_Supplied material_.
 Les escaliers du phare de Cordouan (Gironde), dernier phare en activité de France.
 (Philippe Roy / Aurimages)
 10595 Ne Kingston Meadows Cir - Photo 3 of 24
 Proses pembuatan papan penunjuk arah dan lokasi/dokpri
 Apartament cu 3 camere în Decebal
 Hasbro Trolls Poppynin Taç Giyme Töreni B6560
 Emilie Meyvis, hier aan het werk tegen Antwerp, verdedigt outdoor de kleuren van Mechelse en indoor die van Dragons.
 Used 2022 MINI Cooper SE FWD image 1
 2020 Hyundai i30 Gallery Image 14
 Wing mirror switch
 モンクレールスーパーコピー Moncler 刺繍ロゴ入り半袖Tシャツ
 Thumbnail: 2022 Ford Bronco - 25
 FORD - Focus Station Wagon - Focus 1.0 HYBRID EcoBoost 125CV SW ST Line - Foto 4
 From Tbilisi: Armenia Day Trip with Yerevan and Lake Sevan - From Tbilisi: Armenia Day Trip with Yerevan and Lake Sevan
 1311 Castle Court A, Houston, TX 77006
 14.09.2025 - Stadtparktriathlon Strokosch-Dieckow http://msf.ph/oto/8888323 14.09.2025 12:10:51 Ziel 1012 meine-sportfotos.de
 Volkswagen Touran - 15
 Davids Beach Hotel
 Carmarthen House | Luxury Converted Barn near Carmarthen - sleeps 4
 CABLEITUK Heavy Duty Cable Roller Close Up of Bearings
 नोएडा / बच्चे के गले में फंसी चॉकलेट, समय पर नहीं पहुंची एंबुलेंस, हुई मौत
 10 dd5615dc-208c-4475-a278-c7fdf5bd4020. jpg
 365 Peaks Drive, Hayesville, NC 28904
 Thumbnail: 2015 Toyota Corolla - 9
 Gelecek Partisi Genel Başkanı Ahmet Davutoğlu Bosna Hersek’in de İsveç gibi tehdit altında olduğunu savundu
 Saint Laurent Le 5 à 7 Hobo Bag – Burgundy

_Exercise details_.
Would you please copy, word for word, everything above from the line containing "Carmarthen House |" down to the line containing "Thumbnail: 2015 Toyota Corolla - 9", those two lines included?

_Solution_.
 Carmarthen House | Luxury Converted Barn near Carmarthen - sleeps 4
 CABLEITUK Heavy Duty Cable Roller Close Up of Bearings
 नोएडा / बच्चे के गले में फंसी चॉकलेट, समय पर नहीं पहुंची एंबुलेंस, हुई मौत
 10 dd5615dc-208c-4475-a278-c7fdf5bd4020. jpg
 365 Peaks Drive, Hayesville, NC 28904
 Thumbnail: 2015 Toyota Corolla - 9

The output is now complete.